3.3.1. Les catégories socioprofessionnelles
La connaissance de la population active ne revêt une pleine utilité – pour l'État et les employeurs privés – que si elle s'accompagne d'une étude de la répartition professionnelle de ladite population. On a donc créé une nomenclature des métiers ou des professions.
En France, cette liste, établie en 1947, puis révisée en 1954, comportait 12 000 activités rassemblées en 1 130 métiers. Une modification, opérée par l'INSEE lors du recensement de 1982, a abouti à un resserrement de l'éventail et à la définition de 455 professions. Pour éviter la trop grande dispersion qu'impliquerait pour la recherche la prise en compte des seules professions, les organismes responsables ont élaboré la notion de catégorie socioprofessionnelle (C.S.P.).

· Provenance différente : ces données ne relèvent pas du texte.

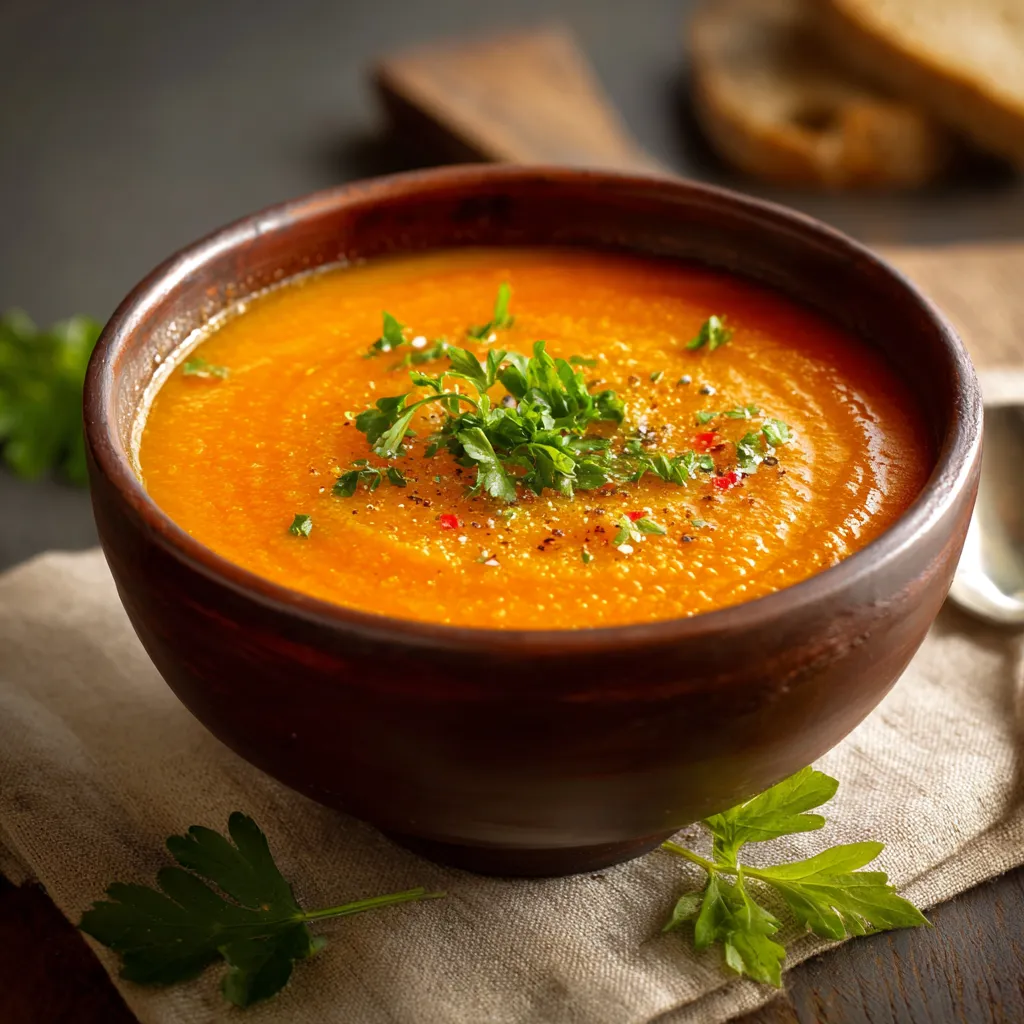 Soupe détox légère aux légumes servie dans un bol blanc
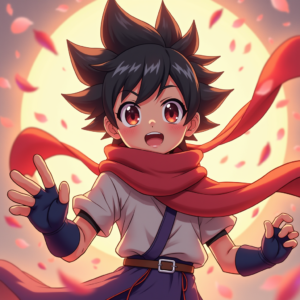 Cute Characters — Spiky-haired Anime Hero In A Battle-worn Character #0232 (Leonardo)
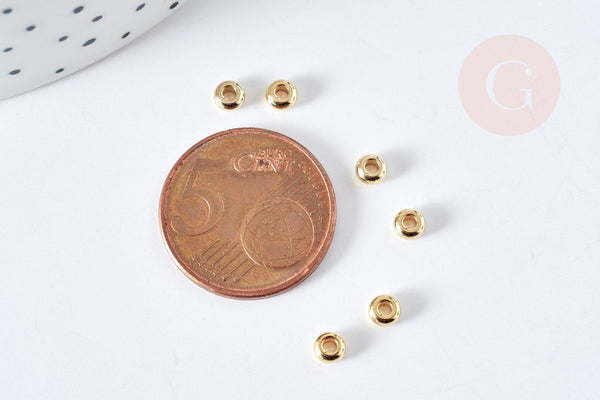 Perle Intercalaire donut acier 304 doré lisse 4x2mm, x10 (G8480)
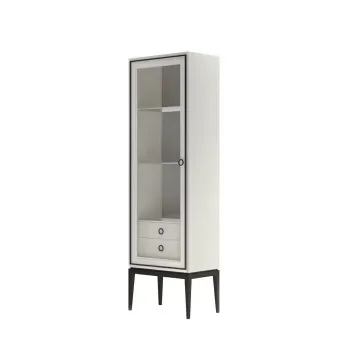 Витрина однодверная Classico Italiano Ницца, левая, молочная, 8021L/L/BL/BL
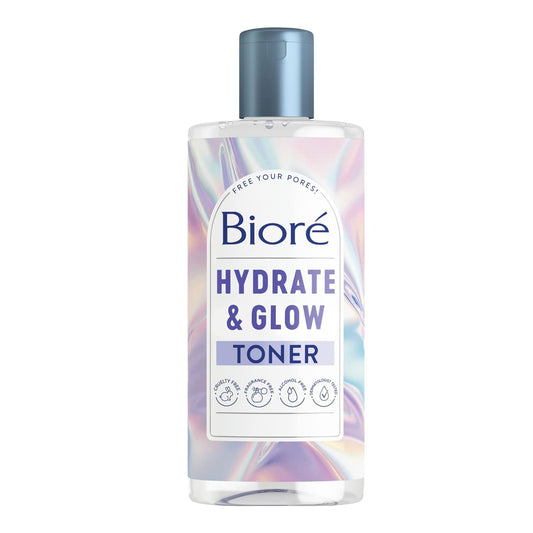 Bioré Hydrate & Glow 2% Lactic Acid and Malic Acid, Alcohol Free Toner, Exfoliating Face Toner for Dry, Sensitive Skin with Coconut Water, Dermatologist Tested, Fragrance Free, 8 Oz Bottle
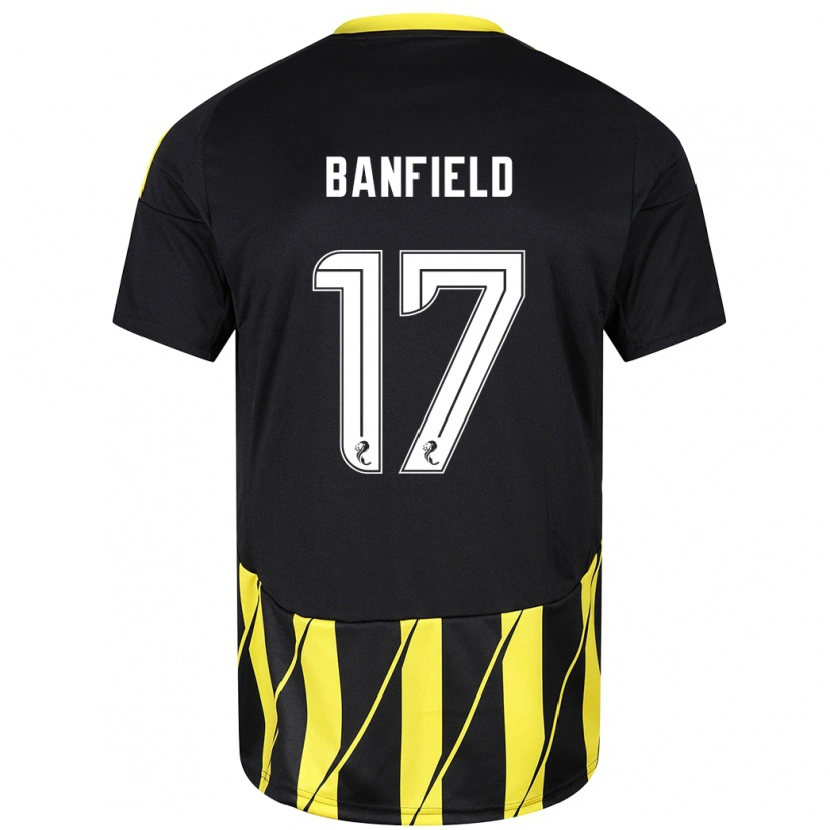 Danxen Kinder Keeley Banfield #17 Schwarz Gelb Auswärtstrikot Trikot 2024/25 T-Shirt Schweiz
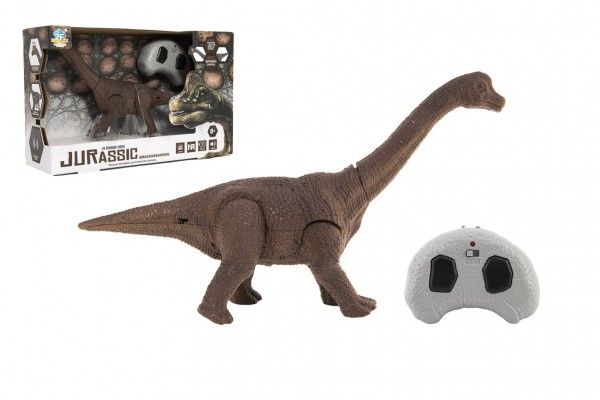 Dinosaurus na ovládání IC plast 27cm na baterie se světlem se zvukem v krabičce 33x21x10cm Teddies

Pour définir les C.S.P., plusieurs critères sont retenus : la profession, le secteur d'activité économique auquel se rattache la profession (agriculture, commerce, services, etc.), le statut (salarié ou non salarié), la qualification professionnelle, la position dans la hiérarchie (cadre moyen ou supérieur, contremaître, etc.), et l'importance de l'entreprise (nombre de salariés). Ce regroupement en catégories permet une meilleure vue d'ensemble de la répartition professionnelle, à condition cependant de comprendre que les CSP ne correspondent pas à des classes sociales, mais à des groupes de classement, établis à partir d'enquêtes.
Depuis 1982, on a procédé, en France, à une révision du code des catégories socioprofessionnelles, pour mieux l'adapter aux évolutions du travail. C'est ainsi qu'est apparue la catégorie des « professions intermédiaires », qui regroupe, entre autres, instituteurs, techniciens, cadres B de la fonction publique. En conséquence, on parle maintenant de professions et catégories socioprofessionnelles (PCS). On compte ainsi 8 grandes PCS, qui se subdivisent en 24, puis 42 postes.
3.3.2. L'âge et le sexe
Pour parvenir à une vision plus fine encore, il est nécessaire d'introduire les variables de l'âge et du sexe. On a pu remarquer en effet entre hommes et femmes de nombreuses différences – du point de vue de la qualification et du salaire – que ne justifie pas le travail effectué. De la même façon, l'expansion du chômage se traduit d'abord par une perte d'emploi chez les femmes, les jeunes de moins de 25 ans et les immigrés.
Les statistiques doivent rendre compte de cet état de fait, ce qui implique une définition du travailleur sans emploi : faut-il englober dans cette catégorie tous les salariés qui ont perdu leur poste ? Ou seulement ceux qui bénéficient de l'allocation chômage ? Comment classer ceux qui sont sous contrat temporaire ou qui suivent un stage de recyclage, sans garantie d'embauche ? Les avis et les critères divergent. Et si la plupart des pays adoptent les normes du Bureau international du travail (B.I.T.), la grande diversité des classements opérés illustre la complexité des problèmes concernant la population active à l'heure de la crise économique.